- Provided information:

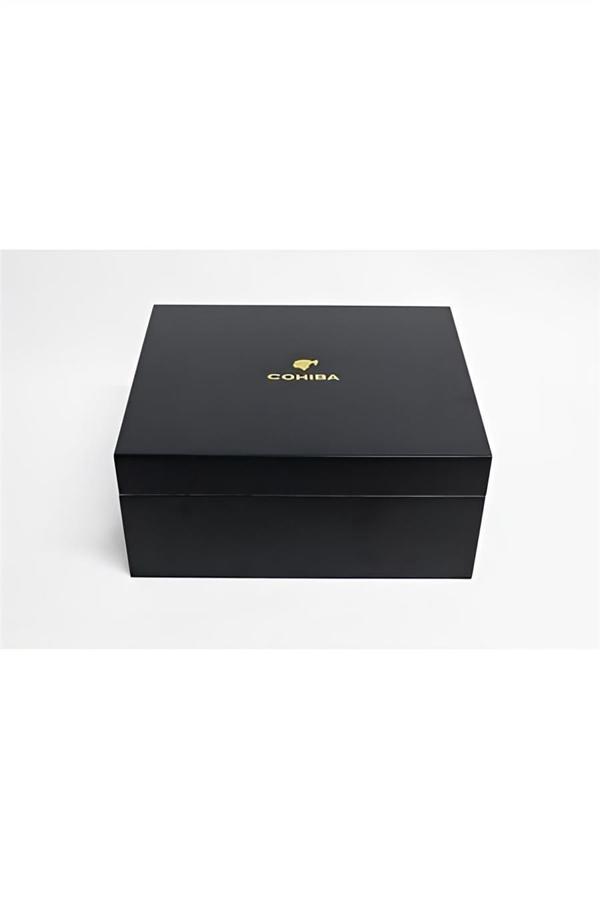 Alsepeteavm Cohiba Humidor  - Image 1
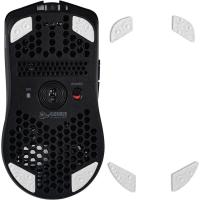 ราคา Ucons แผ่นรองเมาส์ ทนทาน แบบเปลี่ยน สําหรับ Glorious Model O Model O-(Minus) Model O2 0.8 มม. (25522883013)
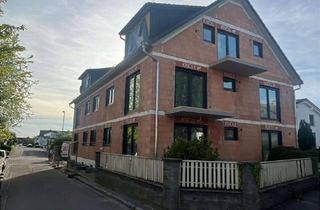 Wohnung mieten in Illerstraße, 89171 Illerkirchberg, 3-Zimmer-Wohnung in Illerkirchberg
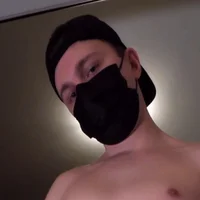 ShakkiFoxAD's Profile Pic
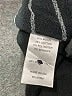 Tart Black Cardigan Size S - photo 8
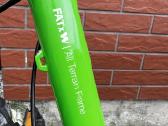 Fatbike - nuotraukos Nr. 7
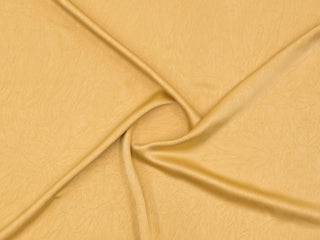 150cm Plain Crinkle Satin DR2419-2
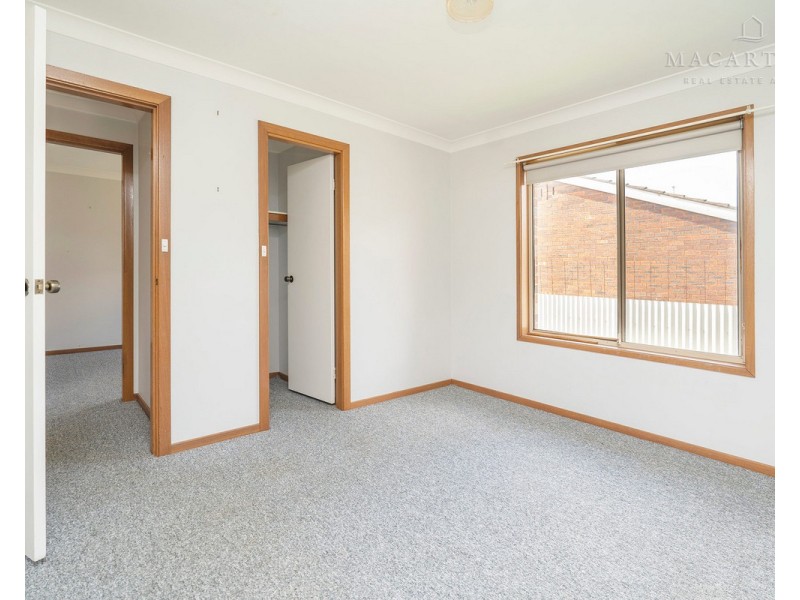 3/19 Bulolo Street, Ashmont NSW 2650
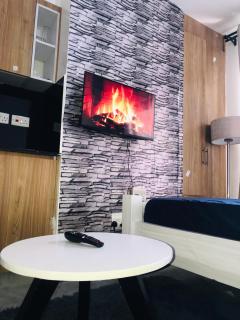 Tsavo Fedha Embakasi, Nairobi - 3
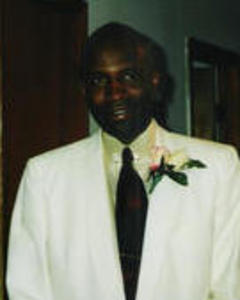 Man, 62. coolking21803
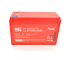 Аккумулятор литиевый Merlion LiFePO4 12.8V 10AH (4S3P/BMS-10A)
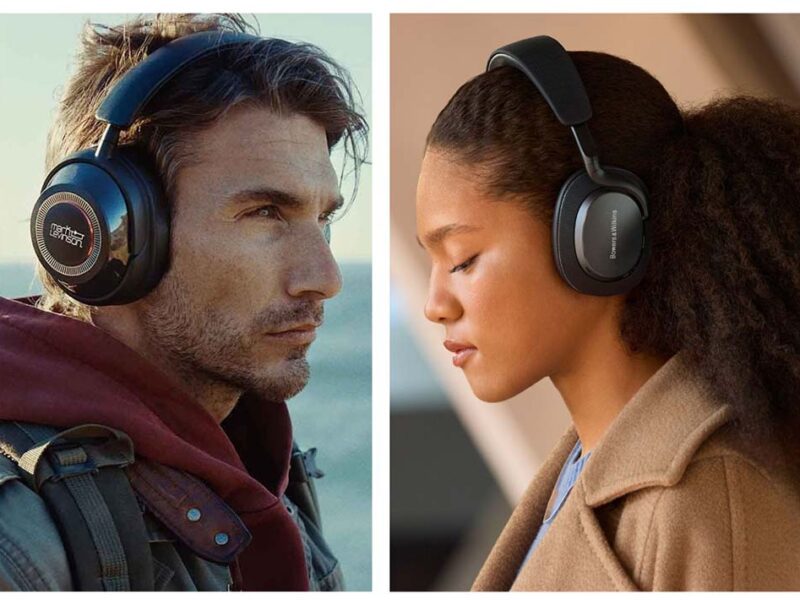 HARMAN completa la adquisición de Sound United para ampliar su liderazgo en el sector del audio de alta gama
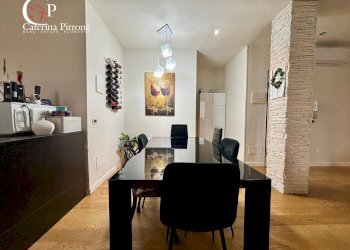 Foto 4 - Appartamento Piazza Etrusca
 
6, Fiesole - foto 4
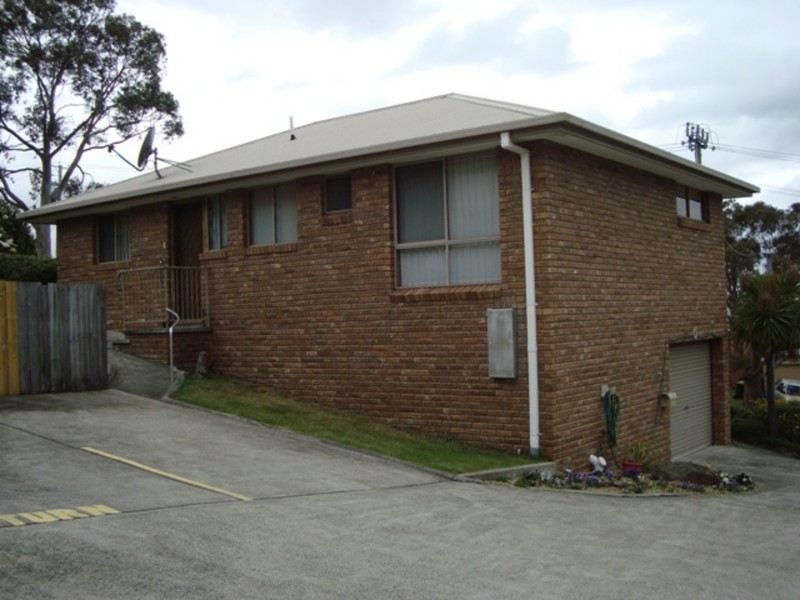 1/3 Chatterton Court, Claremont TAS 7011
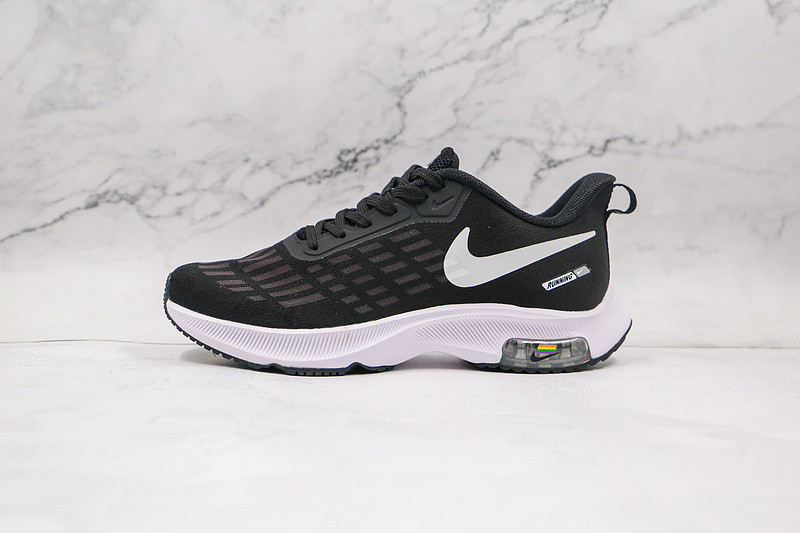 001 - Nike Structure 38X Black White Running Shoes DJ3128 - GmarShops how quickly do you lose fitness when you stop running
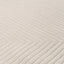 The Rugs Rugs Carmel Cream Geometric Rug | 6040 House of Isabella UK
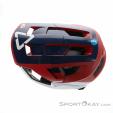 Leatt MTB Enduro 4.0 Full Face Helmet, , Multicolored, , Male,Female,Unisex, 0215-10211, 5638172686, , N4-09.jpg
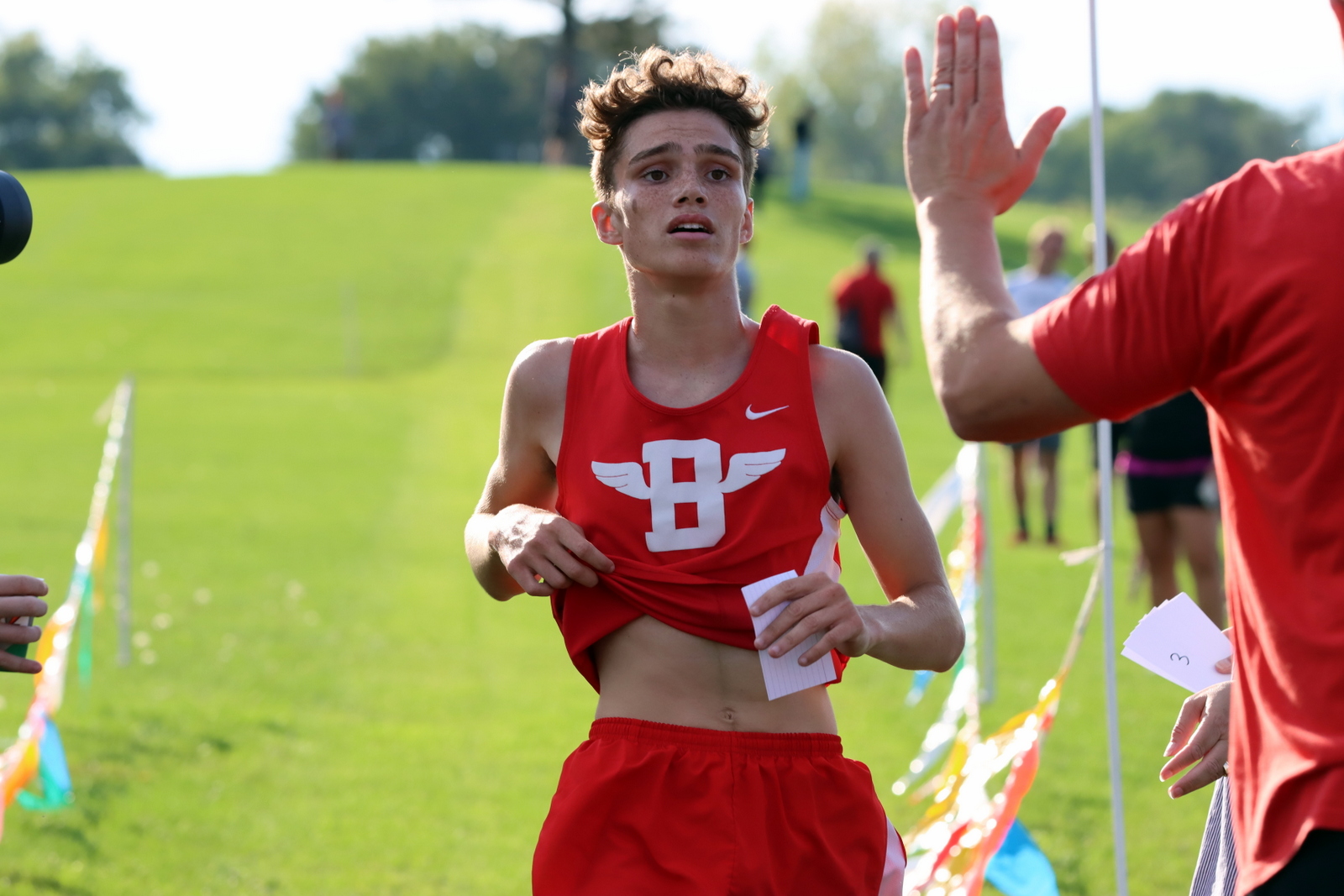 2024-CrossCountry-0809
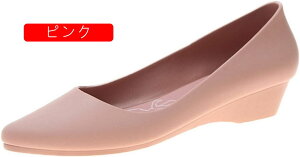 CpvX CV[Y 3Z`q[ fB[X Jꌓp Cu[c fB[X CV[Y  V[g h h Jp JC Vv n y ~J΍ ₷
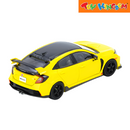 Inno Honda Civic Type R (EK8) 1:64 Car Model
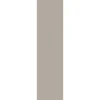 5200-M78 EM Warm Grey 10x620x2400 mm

- Exercise objective: Please retype exactly the lines from the one containing "The Rugs Rugs" through the last line of the records, both included, leaving out every picture.

- Answer for the task:
 The Rugs Rugs Carmel Cream Geometric Rug | 6040 House of Isabella UK
 Leatt MTB Enduro 4.0 Full Face Helmet, , Multicolored, , Male,Female,Unisex, 0215-10211, 5638172686, , N4-09.jpg
 2024-CrossCountry-0809
 CpvX CV[Y 3Z`q[ fB[X Jꌓp Cu[c fB[X CV[Y  V[g h h Jp JC Vv n y ~J΍ ₷
 Inno Honda Civic Type R (EK8) 1:64 Car Model
 5200-M78 EM Warm Grey 10x620x2400 mm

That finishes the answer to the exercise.